Hell, the use of carts on the Jaguar had a big impact too, on top of the other technical (and more so) financial/marketing/etc problems. (especially with the super-low-cost emphasis meaning a huge number of games were only 1MB/8Mbit or 2MB/16MBit and a select handful of 4MB/32Mbit games -like Doom)
That was probably an even bigger limiting factor for texture mapped 3D than the blitter performance limitations.
Black_Tiger
12-02-2011, 07:55 PM
Actually, the N64 could probably do a nearly perfect 1:1 port of Silvergun (or better if tweaks were made for specific features of the system).
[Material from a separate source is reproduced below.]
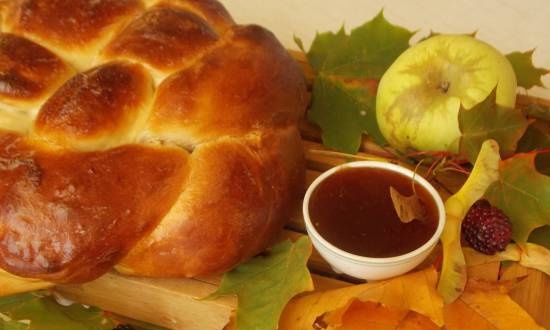 Challah with apple filling on Rosh Hashanah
It's more like comparing the Master System to the PC Engine in some respects than any 16 bit console with another of that generation. (or the Xbox with the Dreamcast perhaps) With the exception that the N64 didn't have the same RAM capacity advantages (without expansion) . . . even if you take the wasted framebuffer and CD buffer space into account, the N64 only has moderately more useful work RAM than the Saturn. (albeit it's all in a shared pool, so you wouldn't need to move extra data around to different subsystems -ie if you wanted to store extra animation in main RAM rather than VDP1/VDP2 RAM, or especially if VDP2 RAM wasn't 100% utilized either, and the greater ability to use compressed sound samples -that flexibility is certainly a major advantage to unified bus systems, in addition to exceptional cost effectiveness -especially with greater optimization for bus sharing)
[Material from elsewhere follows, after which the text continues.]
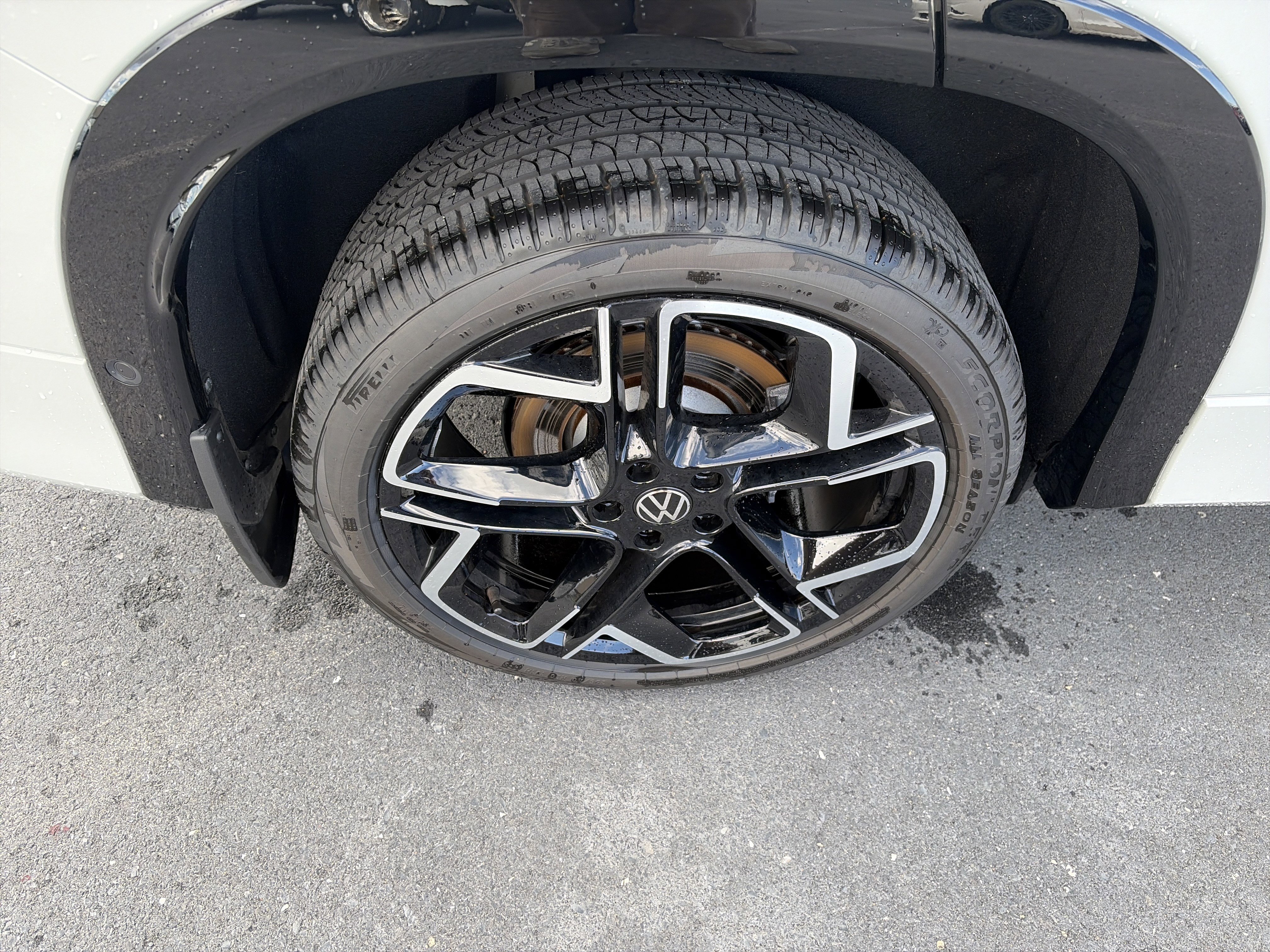 Used 2026 Volkswagen Tiguan SEL R-Line AWD/4WD image 17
I agree that the N64 could port all of the elements over, but it still renders, shades, etc everything differently. There may be aspects that the N64 couldn't help but do better, but overall it'd still be different. The Playstation could also do a very nice looking version of Radiant Silvergun that would look better in some ways. The Jaguar could do a fully 2D version with lots of scaling and rotating type effects, with a little 3D in places and it would look either comparable or the same to non-hardcore people.
kool kitty89
12-02-2011, 08:03 PM
What I find odd is that even the "2D" games on the N64 are really 3D with a fixed camera. Does anyone know an N64 game that is REAL 2D? Even if the N64 wasn't designed for "standard" 2D, it had WAY more power than needed to fake it. Something like the original Rayman would have been child's play to do on the N64. Instead, they went for Rayman 2, the 3D version of the game. Granted, Rayman 2 was a great game as well, but not doing the first meant Nintendo had to go a couple years without a Rayman game on the N64. Maybe they thought the market for the first was dead by then, but it rather fit the market Nintendo was trying to hit, and Nintendo DID release it on the GBA.
You wouldn't consider Yoshi's Story and Mischief Makers to be real 2D?
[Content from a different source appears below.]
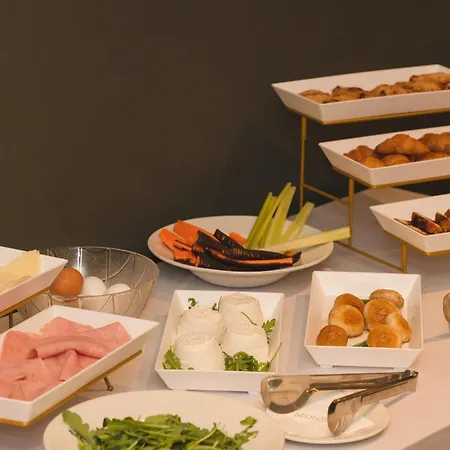 Marcellino Boutique Living 호텔 *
At the very least there's the 2 Rampage games (World and Universal Tour) that are just as 2D as the PSX versions. ;)
http://www.youtube.com/watch?v=KXXXslZloxc
KXXXslZloxc
http://www.youtube.com/watch?v=LYEfnJHwn_w
LYEfnJHwn_w
http://www.youtube.com/watch?v=_R9uWTYXpKM
_R9uWTYXpKM
Chilly Willy
12-02-2011, 09:00 PM
You wouldn't consider Yoshi's Story and Mischief Makers to be real 2D?
At the very least there's the 2 Rampage games (World and Universal Tour) that are just as 2D as the PSX versions. ;)
Thanks! I'll give those all a try. While I'm as big a nut over 3D and the next guy, I still love those 2D games. I play Rayman or Sonic as much as Doom or Tomb Raider. I just got into N64 last year when I was asked to work on the N64 Myth menu, so I'm still finding games worth playing, and the 2D side is sorely lacking.